_WORK ORDER_
Would you retype the listing below word for word, without any of its pictures?

_GIVEN DATA_
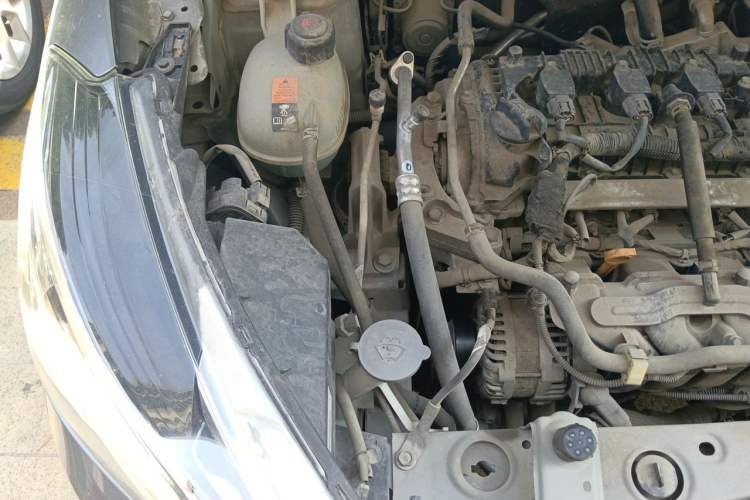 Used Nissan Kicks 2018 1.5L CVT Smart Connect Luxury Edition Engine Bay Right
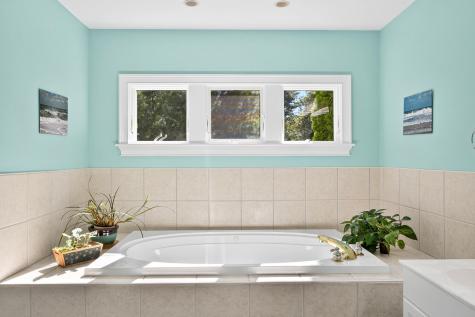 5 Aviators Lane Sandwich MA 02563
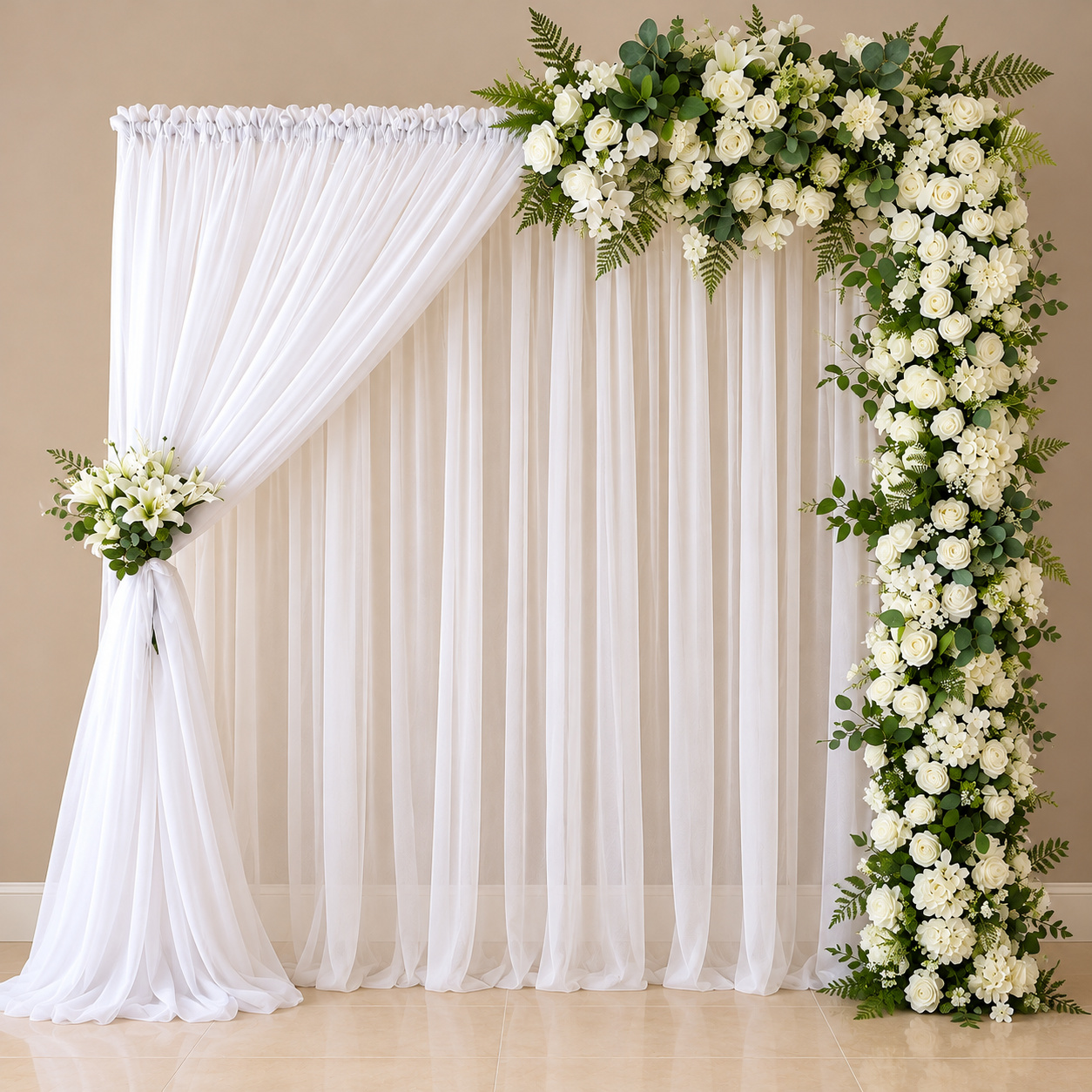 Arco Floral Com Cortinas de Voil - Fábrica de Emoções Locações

_RESULT FOR THIS EXERCISE_
 Used Nissan Kicks 2018 1.5L CVT Smart Connect Luxury Edition Engine Bay Right
 5 Aviators Lane Sandwich MA 02563
 Arco Floral Com Cortinas de Voil - Fábrica de Emoções Locações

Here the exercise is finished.